Financial coach Simonne Gnessen helps clients around the world with their attitudes to money, looking for those formative moments and connecting them to what might be holding people back.

She has discovered that even if an adult becomes wealthy it does not necessarily give them perspective and insight into their own financial behaviour.

Typically, clients reach out to Gnessen, a former financial adviser turned financial coach, because they are not attaining their goals despite successful careers.

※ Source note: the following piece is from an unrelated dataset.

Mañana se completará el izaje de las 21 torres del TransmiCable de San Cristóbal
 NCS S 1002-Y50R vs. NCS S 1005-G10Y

“I unpack what is causing a client to act in a way that doesn’t best serve them,” says Gnessen. “Coaching is an area where education, mentoring and soft advice meet. It’s a fee-based service. I don’t sell products and there is no agenda.”

Why be a financial coach?

Gnessen decided to become a coach in 2000 after she took a year out to travel around Asia and Australia. Her trip made her realise how important fulfilling a lifetime goal was and she decided she wanted to enable others to do the same.

As she toured around Australasia, south-east Asia, China and India, she didn’t give a second thought to her old advisory job back in England. She had already turned down an offer to keep the job open.

On the last leg she checked into an internet cafe to see a tempting job offer in her inbox. It was a partner role in a new firm. Mulling the decision on a camel safari in Rajasthan, she decided not to go back to orthodox advice but to do something that digs deeper.

“Fundamentally, I wasn’t prepared to make big compromises. I felt I had evolved from that and I wanted to do something different,” she says of the decision.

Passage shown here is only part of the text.